Servants of Christ Jesus (Phil 1:1-2)
Pauls Letter to Philippi
Philippians 1:1–2
“Paul and Timothy, servants of Christ Jesus,
To all God’s holy people in Christ Jesus at Philippi, together with the overseers and deacons:
Grace and peace to you from God our Father and the Lord Jesus Christ.”
When many people think about Paul, they think about controversy. His letters are often quoted in debates about women, sexuality, church leadership, politics, and authority. In many churches, Paul’s words have been used to exclude people, defend hierarchy, or justify systems that seem very unlike Jesus. But before we can understand Paul’s letters, we need to understand Paul himself.
Paul was not born a Christian. He was a Pharisee, part of a respected Jewish movement devoted to faithfulness, study, and obedience to God. He was highly educated, deeply religious, and intensely committed to his beliefs. When the Christian movement first emerged, Paul saw it as a dangerous threat. According to the book of Acts, he participated in efforts to arrest Christians and supported violence against them.
Everything changed after a mystical encounter with the risen Jesus, Suddenly the man who once used power to suppress others became someone willing to suffer alongside them.
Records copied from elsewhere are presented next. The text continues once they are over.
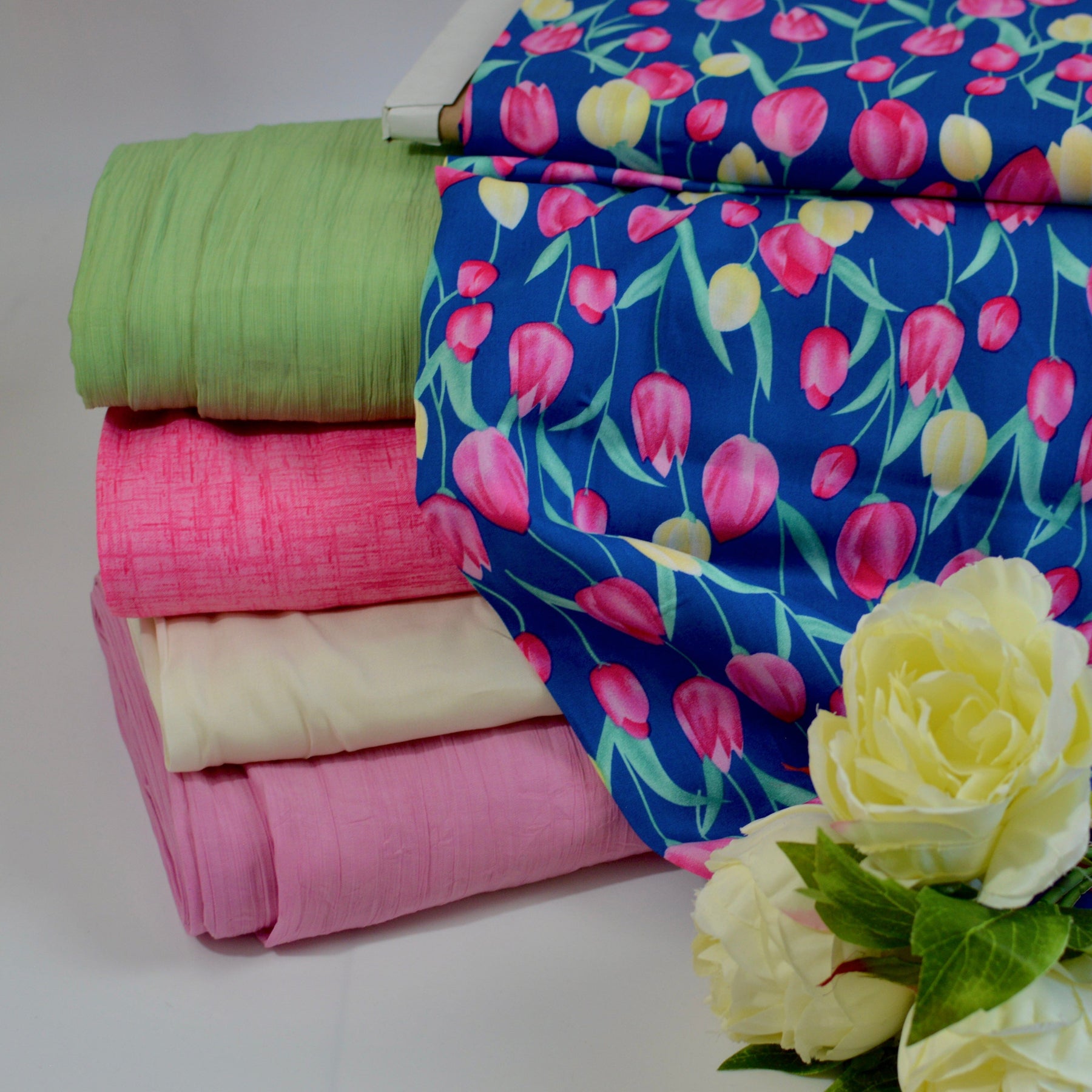 Viskose - gecrashed Glamlook Pistaziengrün Fabric poshpinks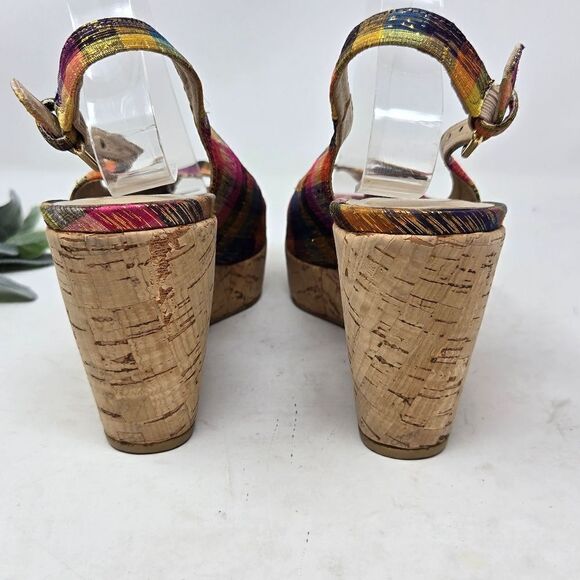 STUART WEITZMAN Jean Winsel Tinsel Metallic Plaid Cork Wedge 9N - Picture 7 of 13
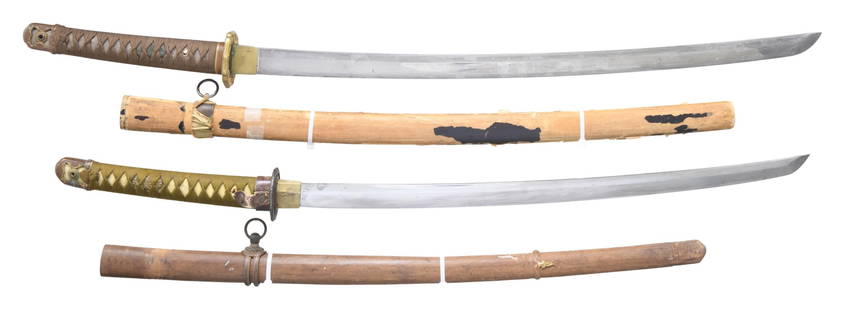2 JAPANESE SHIN-GUNTO KATANA: 1) Overall length: 37 7/8". Blade length 24 1/4". Good blade with a barely perceptible straight hamon and a brass habaki. There is 1 seppa above and below the plain openwork iron tsuba. The nakago has
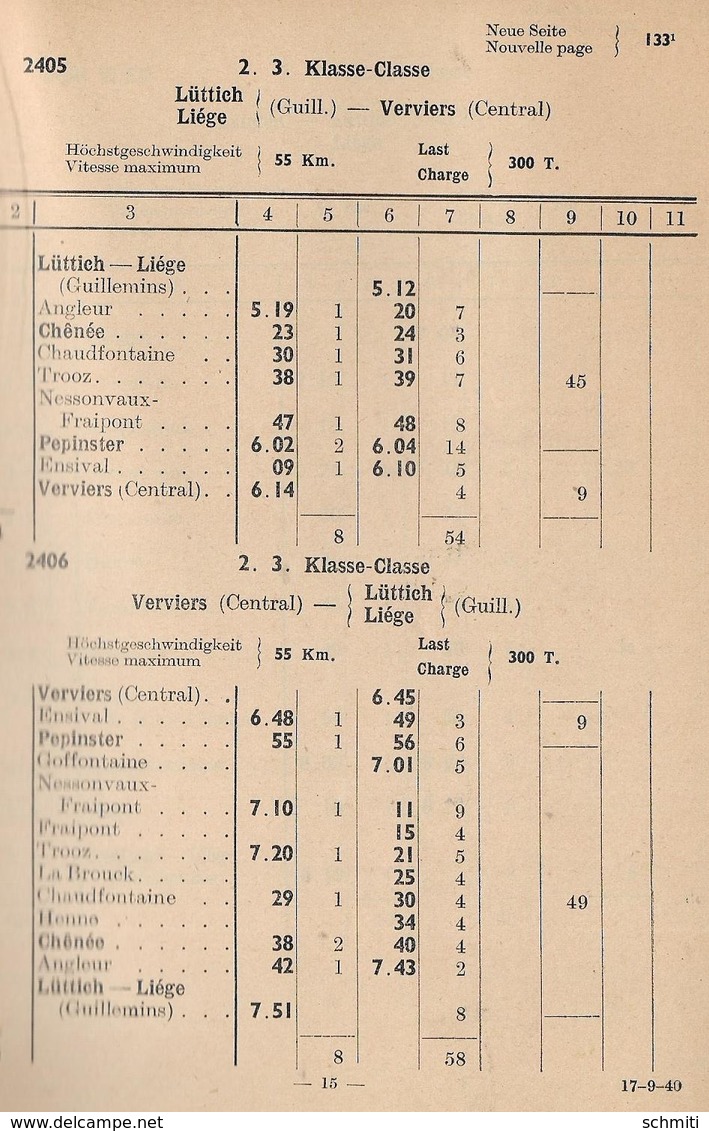 -Document officiel SNCB-Avis N°8 du:13/ 09/1940(90pages)  + N°9 du 14/09/1940-Modifications d'horaires + renseignements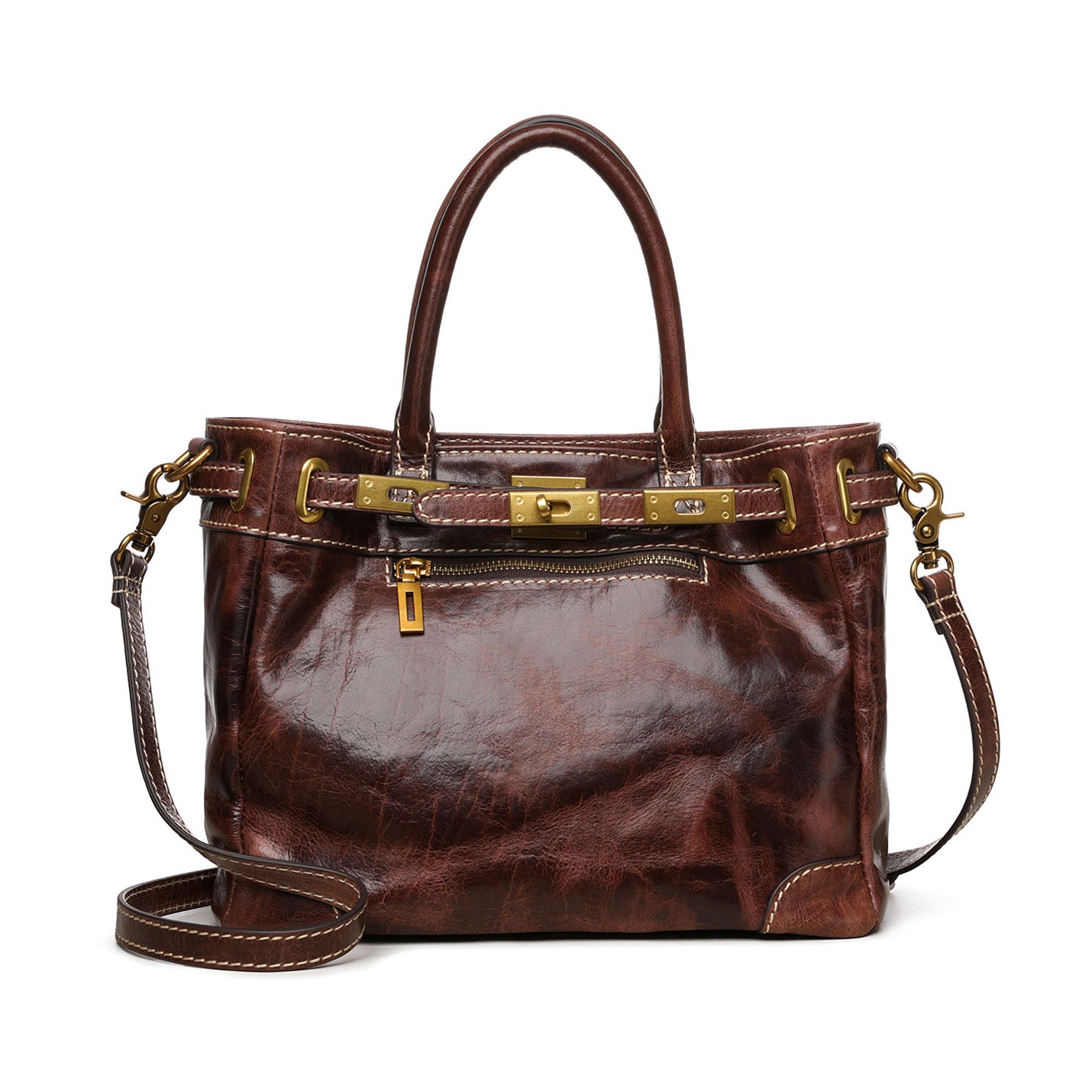 Quiet Luxury Leather Work Tote Bag for Women in rich brown color with gold hardware, perfect for stylish organization.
The man who once pursued Christians became one of Christianity’s most influential missionaries. He spent years learning, reflecting, and rebuilding his understanding of God around the life and teachings of Jesus.
What emerged from that transformation was a singular mission: bringing outsiders in.
Paul believed God was creating one family that included both Jews and Gentiles and nearly everything he wrote flows from that conviction. His letters are not abstract theology textbooks. They are the writings of a pastor trying to help diverse communities learn how to live together as one people under the lordship of Jesus. The letter to the Philippians gives us a unique glimpse into that vision.
Why Did Paul Write Philippians
Unlike some of Paul’s other letters, Philippians is not primarily corrective. Paul is not angry with this church. He genuinely loves them, and they love him. The church in Philippi had supported him financially and emotionally while he was imprisoned. One of their members, Epaphroditus, had even traveled to care for him and nearly died in the process.
Paul writes to thank them, encourage them, and explain why Epaphroditus is returning home.
What is remarkable is how Paul introduces himself:
“Paul and Timothy, servants of Christ Jesus…”
In the Roman world, status was everything. People introduced themselves by highlighting their achievements, education, family background, or social standing. Paul could have done the same. He was educated, respected, and influential. But he calls himself servant instead. The Greek word is doulos, a word usually translated elsewhere as slave. Paul chooses an identity rooted not in status but in belonging. His value comes from his relationship to Christ, not his accomplishments.
He extends the same dignity to everyone in the church. He greets “all God’s holy people” together with the overseers and deacons. Rather than elevating leaders above everyone else, Paul places the entire community side by side. This is what the Gospel does. The world organizes people into hierarchies. It ranks people by wealth, power, education, race, gender, nationality, and influence. The Gospel disrupts all of that. At the table of Jesus, everyone stands on equal ground.
That does not mean everyone has the same role. It means no one has greater worth.
Paul’s encounter with Jesus completely reordered his life. He no longer measured success the way Rome did. He no longer pursued power the way he once had. Even his profession reflected this change. Though highly educated, Paul worked with his hands as a tentmaker, choosing a life among ordinary people rather than pursuing elite status.
When we read Paul well, we are not primarily looking for rules. We are watching what happens when a person’s life becomes centered on Jesus. When Paul suffers, he can still find joy. And even though he is in prison, he speaks about hope. Again and again, he interprets his circumstances through the story of Jesus.
Philippians reminds us that Christianity is not about believing certain things. It is about allowing the story of the life, death, and resurrection of Jesus to reshape the way we understand ourselves, our communities, and our place in the world.
House Church Discussion Questions
Paul’s life changed dramatically after encountering Jesus. Looking back on your own story, are there ways your understanding of God has changed over time? Were there certain events in your life that caused this disruption?
When you introduce yourself to people, what parts of your identity do you tend to lead with? What do you think that reveals about what matters most to you?
Paul calls himself a servant rather than emphasizing his accomplishments. Why do you think humility is so difficult to practice in our culture?